Chen Xiaolu se retratou pelos seus atos durante a Revolução Cultural. Foto de Beijing Living Will Promotion Association

Desde o período, o governo chinês nunca apresentou uma resposta clara quanto à sua visão dos eventos do Agosto Vermelho. Embora a Revolução tenha admitidamente falhado segundo o partido, discussões públicas acerca dos problemas dela ou da culpabilidade do Partido não são permitidas. O pedido de desculpas de Chen Xiaolu, um líder da Guarda Vermelha e filho de um líder revolucionário, é uma das poucas declarações acerca do ocorrido, apesar de não representar o posicionamento do Partido Comunista. O governo, no entanto, impediu que os maiores veículos midiáticos estatais cobrissem sua entrevista. Ademais, Song Binbin se retratou e se curvou diante da estátua da diretora Bian Zhongyun, mas não admitiu ter participado de seu assassinato. Com esta ambiguidade, alguns encaram os pedidos de desculpa de maneira otimista, como um sinal positivo dos tempos que seguirão; outros acreditam não ser o suficiente para apagar a mancha do ocorrido. Uma coisa é certa: o Agosto Vermelho não deve ser esquecido.

Notas

  1. FAIRBANK e GOLDMAN, 2006, p. 392.
  2. WANG, 2001, p. 13–14.
  3. WANG, 2001, p. 16.
  4. KUHN, 2014.

Referências adicionais

FAIRBANK, John King; GOLDMAN, Merle. The Politics of China. Massachusetts: Harvard University Press, 1998.

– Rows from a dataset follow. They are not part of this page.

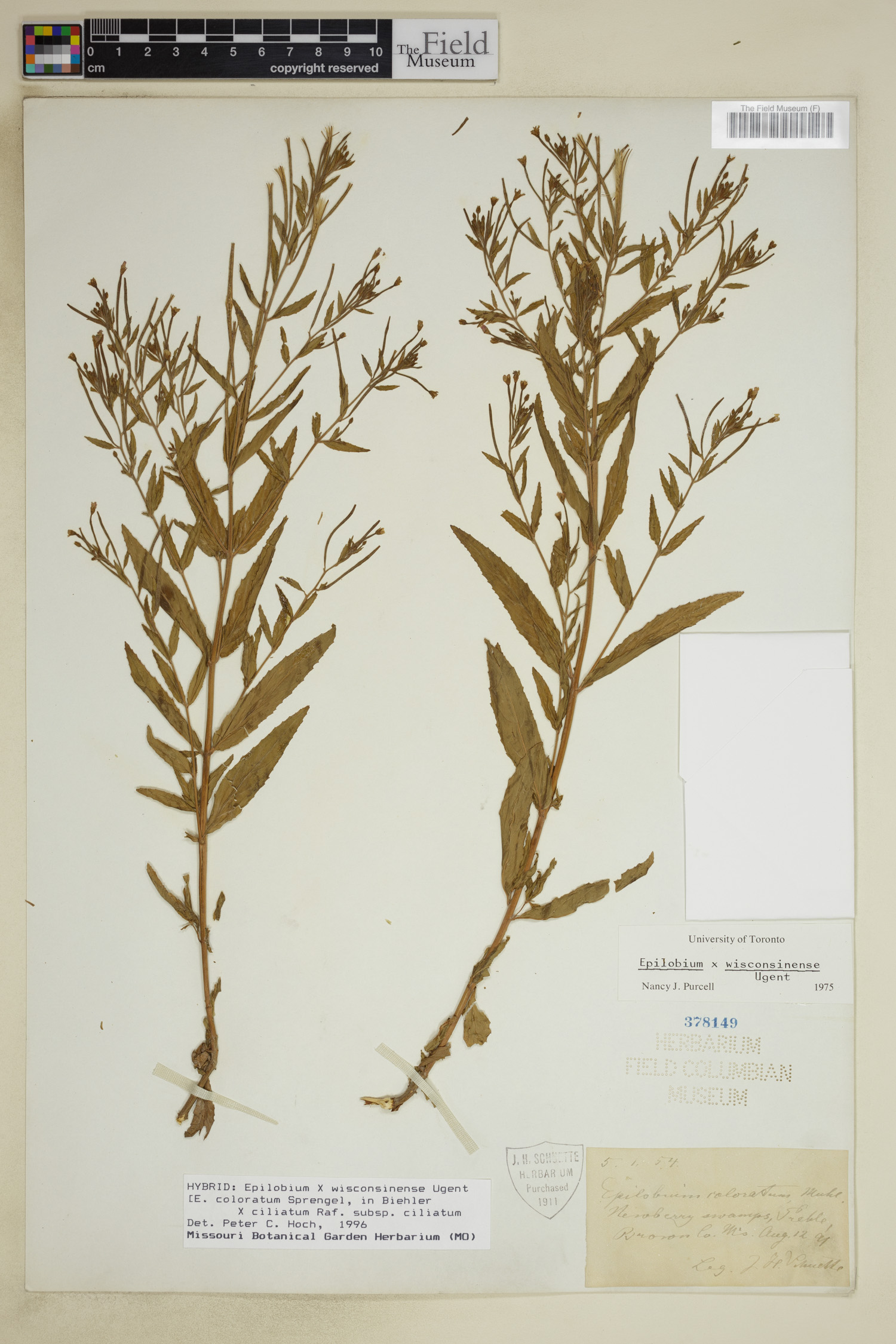 Epilobium wisconsinense image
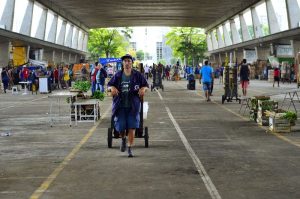 Índice de preço da Ceagesp fecha 2020 com alta de 15,9%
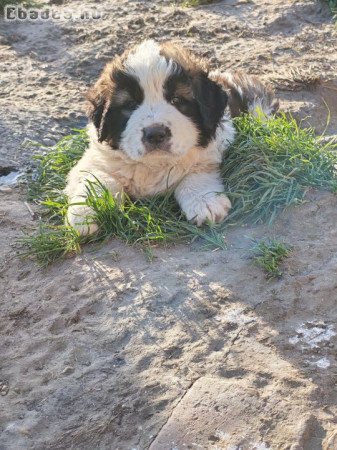 Eladó moszkvai örkutya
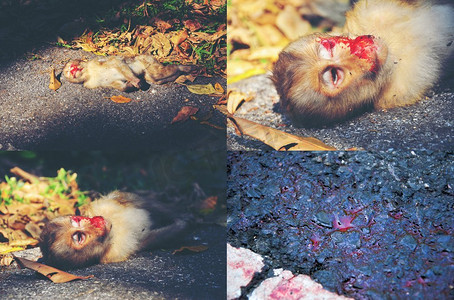 野生猴子死在自然界的路上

HARDING, Kenneth. The Chinese state in crisis. In: MACFARQUHAR, Roderick; FAIRBANK, John King. The People’s Republic, Part 2: Revolutions within the Chinese Revolution 1966–1982. Nova Iorque: Cambridge Press University, 1991, p. 107–200.

KUHN, Anthony. Chinese Red Guards Apologize, Reopening A Dark Chapter.

MISHRA, Pankaj. What Are the Cultural Revolution’s Lessons for Our Current Moment?.

WANG, Youqin. Student Attacks Against Teachers: The Revolution of 1966. Issues & Studies. Chicago, v. 37, no. 2, mar/abr 2001.

YU, Luowen. 文革时期北京大兴县大屠杀调查 (Investigação do massacre no condado de Daxing, Pequim, durante a Revolução Cultural).